King Richard opens with some old-fashioned shoe-leather enterprise. Smith’s Richard Williams—who, we learn, grew up in Louisiana before ending up in Compton, neither place particularly hospitable to a Black tennis fan—had a plan for his two daughters, Venus (Saniyya Sidney) and Serena (Demi Singleton) before they were even born: To turn them into champion athletes. To that end, he allows—or maybe urges—them to practice often, even during the rain, which raises an eyebrow or two in the neighborhood. Does this constitute a kind of child abuse? But the girls clearly love it, and the whole family joins in the act of spectatorship: Richard regularly packs the whole clan—all girls, five in total—into his van and heads off to the local, decidedly un-luxurious, tennis courts. Mother Brandy (Aunjanue Ellis, in a terrific performance that brings the movie to Earth when it teeters toward hagiography) seems to be the chief breadwinner, though she steps in as coach at a crucial moment. Both are aligned with a single goal in sight, and Richard treks doggedly to one fancy white tennis club after another, seeking a good coach for his two budding stars, even though he’s unable to pay. You can imagine how many of them say no, or even laugh at him outright.

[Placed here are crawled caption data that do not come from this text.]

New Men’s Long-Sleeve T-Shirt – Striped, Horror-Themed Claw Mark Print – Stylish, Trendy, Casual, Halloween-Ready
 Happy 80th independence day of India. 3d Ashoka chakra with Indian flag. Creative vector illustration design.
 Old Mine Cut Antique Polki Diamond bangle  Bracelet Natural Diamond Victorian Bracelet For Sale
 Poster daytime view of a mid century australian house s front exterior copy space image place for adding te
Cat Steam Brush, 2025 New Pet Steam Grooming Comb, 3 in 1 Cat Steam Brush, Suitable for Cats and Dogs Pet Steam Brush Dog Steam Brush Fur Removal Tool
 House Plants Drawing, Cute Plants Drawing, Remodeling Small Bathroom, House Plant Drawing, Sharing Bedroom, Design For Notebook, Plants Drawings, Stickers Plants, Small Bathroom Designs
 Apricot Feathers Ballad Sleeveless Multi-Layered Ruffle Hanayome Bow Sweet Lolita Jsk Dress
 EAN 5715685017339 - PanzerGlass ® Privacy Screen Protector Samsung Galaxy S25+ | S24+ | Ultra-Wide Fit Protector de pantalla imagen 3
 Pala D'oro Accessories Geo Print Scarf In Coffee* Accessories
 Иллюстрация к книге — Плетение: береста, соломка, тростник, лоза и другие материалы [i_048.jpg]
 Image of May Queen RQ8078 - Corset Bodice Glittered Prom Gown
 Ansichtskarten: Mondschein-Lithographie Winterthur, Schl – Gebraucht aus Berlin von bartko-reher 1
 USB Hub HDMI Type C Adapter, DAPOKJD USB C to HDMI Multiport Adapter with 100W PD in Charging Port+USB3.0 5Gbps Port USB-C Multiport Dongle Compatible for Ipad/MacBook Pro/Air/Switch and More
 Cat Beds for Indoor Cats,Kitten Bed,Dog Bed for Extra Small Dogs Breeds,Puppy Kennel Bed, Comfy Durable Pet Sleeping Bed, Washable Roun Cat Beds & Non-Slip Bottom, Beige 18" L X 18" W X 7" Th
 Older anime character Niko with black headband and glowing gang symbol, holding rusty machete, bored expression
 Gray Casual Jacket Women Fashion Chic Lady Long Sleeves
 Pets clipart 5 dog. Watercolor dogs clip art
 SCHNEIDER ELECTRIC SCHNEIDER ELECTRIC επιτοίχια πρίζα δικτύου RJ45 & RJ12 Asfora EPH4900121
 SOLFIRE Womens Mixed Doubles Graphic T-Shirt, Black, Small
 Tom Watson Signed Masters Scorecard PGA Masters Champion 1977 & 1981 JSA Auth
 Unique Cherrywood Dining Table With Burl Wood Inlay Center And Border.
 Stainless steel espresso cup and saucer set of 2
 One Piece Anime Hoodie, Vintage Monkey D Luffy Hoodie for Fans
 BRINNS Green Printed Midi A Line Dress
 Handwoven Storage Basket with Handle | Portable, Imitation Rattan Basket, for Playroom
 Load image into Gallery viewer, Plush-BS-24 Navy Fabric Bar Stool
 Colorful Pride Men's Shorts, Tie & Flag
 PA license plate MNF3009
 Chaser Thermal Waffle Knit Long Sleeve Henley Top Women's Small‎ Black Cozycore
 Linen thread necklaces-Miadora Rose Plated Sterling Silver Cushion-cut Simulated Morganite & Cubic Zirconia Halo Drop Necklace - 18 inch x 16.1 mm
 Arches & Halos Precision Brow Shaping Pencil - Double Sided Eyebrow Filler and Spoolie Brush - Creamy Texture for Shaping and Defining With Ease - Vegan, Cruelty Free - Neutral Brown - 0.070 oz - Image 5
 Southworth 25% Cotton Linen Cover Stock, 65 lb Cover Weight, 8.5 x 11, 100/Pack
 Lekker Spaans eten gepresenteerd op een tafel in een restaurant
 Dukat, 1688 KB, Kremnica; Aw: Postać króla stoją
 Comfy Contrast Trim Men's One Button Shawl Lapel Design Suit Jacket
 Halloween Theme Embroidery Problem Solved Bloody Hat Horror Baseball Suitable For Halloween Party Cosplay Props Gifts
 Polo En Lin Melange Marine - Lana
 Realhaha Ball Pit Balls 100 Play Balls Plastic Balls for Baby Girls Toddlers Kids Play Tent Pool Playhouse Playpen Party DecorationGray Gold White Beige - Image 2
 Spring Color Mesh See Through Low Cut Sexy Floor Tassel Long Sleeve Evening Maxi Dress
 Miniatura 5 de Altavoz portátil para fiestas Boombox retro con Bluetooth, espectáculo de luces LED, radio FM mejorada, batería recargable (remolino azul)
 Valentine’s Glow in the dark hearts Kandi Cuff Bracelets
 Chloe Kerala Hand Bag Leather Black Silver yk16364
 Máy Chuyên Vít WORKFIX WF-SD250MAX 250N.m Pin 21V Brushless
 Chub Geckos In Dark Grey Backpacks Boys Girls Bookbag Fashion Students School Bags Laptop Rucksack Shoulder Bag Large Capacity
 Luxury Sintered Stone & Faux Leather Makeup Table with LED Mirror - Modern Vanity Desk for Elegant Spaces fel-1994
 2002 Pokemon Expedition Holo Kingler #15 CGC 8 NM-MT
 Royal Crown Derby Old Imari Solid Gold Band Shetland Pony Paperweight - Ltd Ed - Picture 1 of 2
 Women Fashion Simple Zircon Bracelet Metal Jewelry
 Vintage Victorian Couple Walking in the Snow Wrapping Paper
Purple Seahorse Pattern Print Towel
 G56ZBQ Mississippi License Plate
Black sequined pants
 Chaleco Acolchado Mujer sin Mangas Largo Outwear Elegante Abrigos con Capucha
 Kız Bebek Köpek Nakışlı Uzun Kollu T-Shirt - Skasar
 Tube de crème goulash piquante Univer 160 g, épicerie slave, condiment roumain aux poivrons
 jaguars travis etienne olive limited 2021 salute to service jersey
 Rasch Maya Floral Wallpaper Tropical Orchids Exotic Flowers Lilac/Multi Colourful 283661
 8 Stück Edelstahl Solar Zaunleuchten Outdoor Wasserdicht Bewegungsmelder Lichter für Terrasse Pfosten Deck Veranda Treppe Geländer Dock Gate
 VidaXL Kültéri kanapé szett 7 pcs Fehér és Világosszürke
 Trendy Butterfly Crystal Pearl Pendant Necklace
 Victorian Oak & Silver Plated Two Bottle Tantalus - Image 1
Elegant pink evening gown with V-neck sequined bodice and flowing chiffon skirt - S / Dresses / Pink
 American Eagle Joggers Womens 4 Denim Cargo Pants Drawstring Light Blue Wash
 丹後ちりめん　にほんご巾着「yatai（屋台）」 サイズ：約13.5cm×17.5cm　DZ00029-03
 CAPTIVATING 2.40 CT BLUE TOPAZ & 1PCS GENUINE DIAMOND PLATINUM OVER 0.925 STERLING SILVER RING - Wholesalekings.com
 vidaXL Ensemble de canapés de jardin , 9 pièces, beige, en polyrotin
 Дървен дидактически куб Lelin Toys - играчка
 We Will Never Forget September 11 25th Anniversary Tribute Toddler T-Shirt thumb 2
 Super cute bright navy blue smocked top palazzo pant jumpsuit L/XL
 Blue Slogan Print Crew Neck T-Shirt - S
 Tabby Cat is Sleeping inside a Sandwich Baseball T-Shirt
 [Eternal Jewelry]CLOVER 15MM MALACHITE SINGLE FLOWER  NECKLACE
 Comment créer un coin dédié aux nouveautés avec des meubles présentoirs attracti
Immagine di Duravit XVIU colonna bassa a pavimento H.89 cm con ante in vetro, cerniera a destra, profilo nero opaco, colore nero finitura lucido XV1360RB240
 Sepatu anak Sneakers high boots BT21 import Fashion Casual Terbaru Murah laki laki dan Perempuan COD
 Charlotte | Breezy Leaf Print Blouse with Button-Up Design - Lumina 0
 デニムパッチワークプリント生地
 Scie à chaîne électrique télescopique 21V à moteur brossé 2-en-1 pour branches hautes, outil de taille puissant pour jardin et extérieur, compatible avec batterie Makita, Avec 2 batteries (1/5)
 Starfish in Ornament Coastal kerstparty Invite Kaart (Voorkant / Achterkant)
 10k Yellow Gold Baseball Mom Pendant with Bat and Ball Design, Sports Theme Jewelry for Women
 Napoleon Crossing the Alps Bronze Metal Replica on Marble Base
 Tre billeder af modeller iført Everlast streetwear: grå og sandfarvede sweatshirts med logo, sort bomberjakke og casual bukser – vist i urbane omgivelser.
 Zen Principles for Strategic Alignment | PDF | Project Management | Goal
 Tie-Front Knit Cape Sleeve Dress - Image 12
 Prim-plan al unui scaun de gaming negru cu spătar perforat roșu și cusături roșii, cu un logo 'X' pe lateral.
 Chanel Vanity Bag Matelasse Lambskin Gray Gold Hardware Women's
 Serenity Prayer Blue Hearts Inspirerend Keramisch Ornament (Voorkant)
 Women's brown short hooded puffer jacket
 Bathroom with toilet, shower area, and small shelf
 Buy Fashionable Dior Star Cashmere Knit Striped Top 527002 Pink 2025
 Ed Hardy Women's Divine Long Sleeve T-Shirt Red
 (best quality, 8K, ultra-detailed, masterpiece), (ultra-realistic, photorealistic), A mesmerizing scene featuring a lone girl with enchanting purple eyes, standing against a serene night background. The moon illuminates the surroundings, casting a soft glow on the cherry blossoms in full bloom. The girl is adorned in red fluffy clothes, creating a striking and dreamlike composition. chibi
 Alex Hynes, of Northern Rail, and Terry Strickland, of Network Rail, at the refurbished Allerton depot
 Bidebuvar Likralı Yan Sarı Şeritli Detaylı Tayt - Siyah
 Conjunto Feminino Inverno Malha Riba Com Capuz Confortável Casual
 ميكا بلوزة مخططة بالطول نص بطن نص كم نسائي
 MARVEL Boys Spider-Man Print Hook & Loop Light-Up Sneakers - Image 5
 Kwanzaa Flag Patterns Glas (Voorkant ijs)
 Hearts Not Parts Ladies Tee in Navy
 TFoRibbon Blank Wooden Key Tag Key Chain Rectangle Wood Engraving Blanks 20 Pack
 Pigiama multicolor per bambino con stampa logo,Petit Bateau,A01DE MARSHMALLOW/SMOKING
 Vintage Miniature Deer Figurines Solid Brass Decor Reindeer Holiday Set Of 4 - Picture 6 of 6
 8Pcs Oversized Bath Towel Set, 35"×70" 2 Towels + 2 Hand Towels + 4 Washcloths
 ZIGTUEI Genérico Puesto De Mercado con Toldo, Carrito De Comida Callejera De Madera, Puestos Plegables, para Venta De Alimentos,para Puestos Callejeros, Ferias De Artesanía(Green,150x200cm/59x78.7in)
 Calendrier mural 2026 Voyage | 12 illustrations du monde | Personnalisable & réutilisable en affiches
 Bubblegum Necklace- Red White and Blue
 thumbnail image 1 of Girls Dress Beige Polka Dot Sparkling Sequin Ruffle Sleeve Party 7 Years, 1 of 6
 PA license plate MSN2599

One coach, Tony Goldwyn’s Paul Cohen, finally takes notice of the girls’ gifts, though he’ll accept only one of them, and he chooses Venus. It’s her story that largely unfolds throughout King Richard, though the picture is so skillful that Serena rarely disappears from it: The film addresses her early disappointment without ever losing sight of the player, and the woman, she’ll eventually become. Sidney and Singleton are wonderful in these roles. They give us Venus and Serena as kids at play, ambitious and hardworking but also joyful in the mission their parents have given them, one that they clearly want for themselves as well. There’s a lightness to these performances that you might not expect in a movie about two young people who will eventually become the very best at what they do; they’re humans, always, and never sports robots.
Mostly, though, this is Richard’s saga. Smith is one of those actors who’s so perpetually likable that many critics I know practically will themselves not to like him. But no matter where you stand on the types of movies he favors (often inspirational, for better or worse), or on his gifts overall as a performer, what he does in King Richard is remarkable. The movie gets us on his side early. His efforts are the grass-roots type. He makes amateurish videos about the girls; he Xeroxes little pamphlets extolling their talents. With the two of them at his side, he strides into club after tony white club, undaunted by rejection. But when one prospective coach laughs at the video he’s made, something clicks on in him—a complicated blend of embarrassment and despair—and his eyes go suddenly, unbearably blank.
Read more reviews by Stephanie Zacharek
The mood doesn’t last long. Yet the movie needs this complexity. It also needs to show us how overbearing Richard can be, and how he’s sometimes so goal-oriented that he doesn’t recognize certain things his girls—or, for that matter, his wife—need in the moment. Smith plays Richard’s proud-papa peacock act to the hilt—but without vanity, he also shows us this man’s stubborn, self-centered side. In the end, Richard Williams’ plan worked out—his girls became world champions. But he pulled off something else too: they became people we never want to lose sight of, people we care about whether they’re on the court or off. He’s a king who put queens before us, knowing how wonderful they were and certain that we’d see it too. He didn’t create them, but he created a space for us to believe in them. King Richard shows us how he fought for that space, inch by inch and match by match.